Xander’s got to learn how to manage his thoughts and emotions. In his case, they really affect his magic; but all of us have to figure this out at some point. Or else we get into trouble, too. I know there are plenty of times when losing my cool caused me to do poorly on a test, or get into a fight I didn’t want to have, or eat way too many chocolate chip cookies at a time!
A lot of the book is all about how words affect your actions and your thoughts. A hypnotherapist I met had an interesting exercise that he did with kids. He demonstrated it on my daughters. In one of the exercises, they had to say, “I’m weak, I’m weak, I’m weak,” and then attempt to lift up the other one. They couldn’t do it. Then they had to say, “I’m strong, I’m strong, I’m strong,” and then they could lift each other up! It was pretty amazing. (Keep in mind one daughter is six years younger than the other and could lift the older one up. Just for a second, but still!)
This exercise demonstrated that when you say something out loud, or you think it, then you internalize it, too. So if you’re always saying, “I’m no good at math,” for example, then pretty soon that becomes your reality. If you say instead, “I can work through this—I will figure this out. I can do it!” then that becomes your reality. Words really can hurt people!
I read a lot of Japanese myths and martial arts theory books for this book too, many of them written hundreds of years ago. Many of them also contain this theme: you can’t be a great warrior until you learn how to control your emotions and thoughts. I think that’s true of life in general. If we want to be successful at anything—school, work, sports—we have to learn how to be the masters of our minds.
And of course, Xander goes on another grand adventure and meets even weirder creatures than he did in the first book. At least one of them is based on a real-life thing you can find in current-day Japan!

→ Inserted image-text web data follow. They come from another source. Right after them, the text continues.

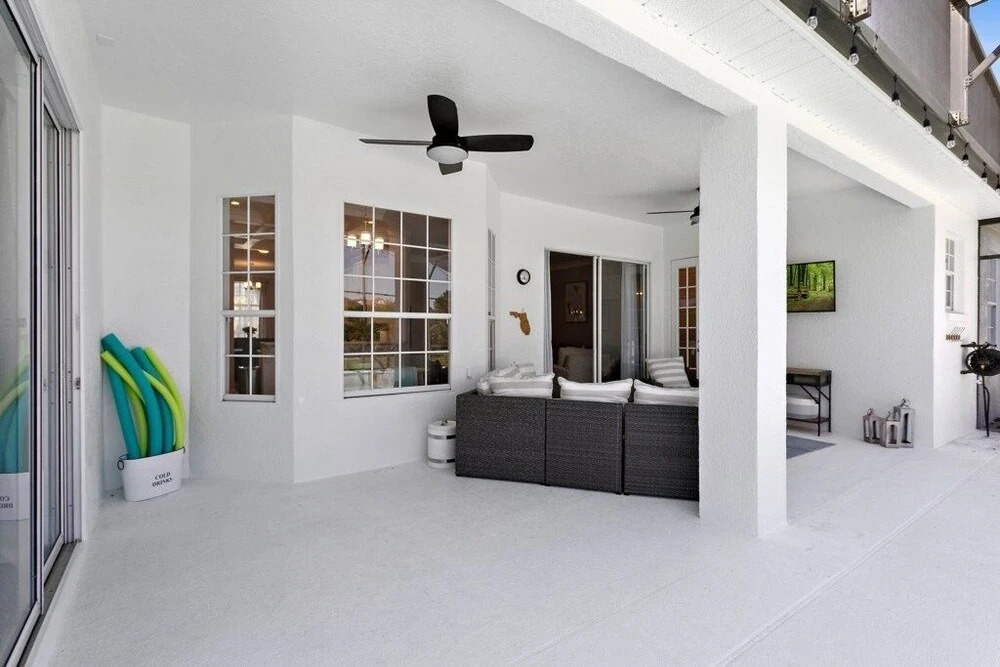 4 Bed 3 Bath In Formosa Gardens Gated Community 4 Bedroom Villa by Redawning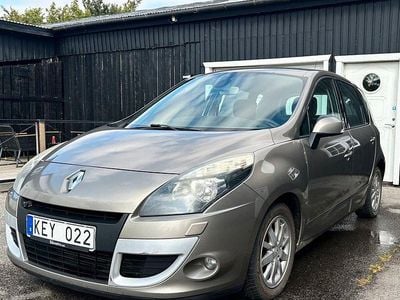 Ljusbrun Begagnad 2009 Renault Scénic III Minibuss | 22 900 kr (Dyr)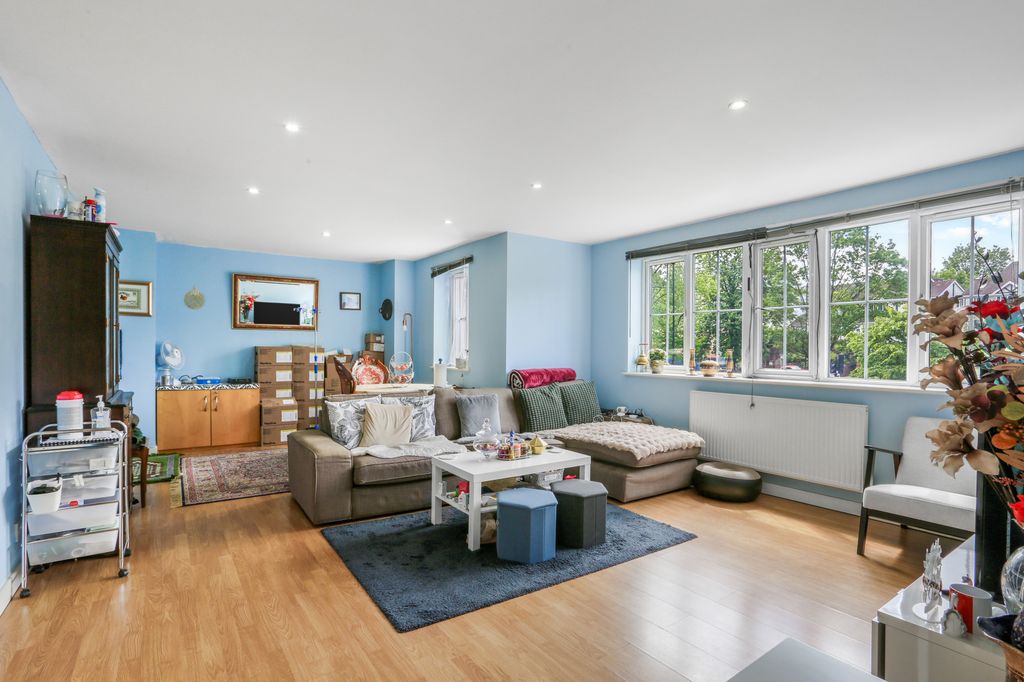 Property photo 3 of 13 1705045760 - 6, 6 Foxley Lane, Cr8 - 11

Margaret Dilloway is the recipient of the American Library Association's Literary Tastes Award for Best Women's Fiction for THE CARE AND HANDLING OF ROSES WITH THORNS. She is also the author of HOW TO BE AN AMERICAN HOUSEWIFE and SISTERS OF HEART AND SNOW, all from Putnam Books.

In addition to her women's fiction, Dilloway will debut a middle-grade fantasy series for Disney-Hyperion Books in April 2015, MOMOTARO: XANDER AND THE LOST ISLAND OF MONSTERS. website * facebook


 



1 comment:

Lynnette said...

I did not learn of the first Momotaro book - both books are now on to-be-ordered list! They sound wonderful, and I am so happy to see books with a mixed race Japanese family. I have many Asian students who will love these, as will all of my students who love mythology and grand adventure. So happy to learn of the Momotaro series!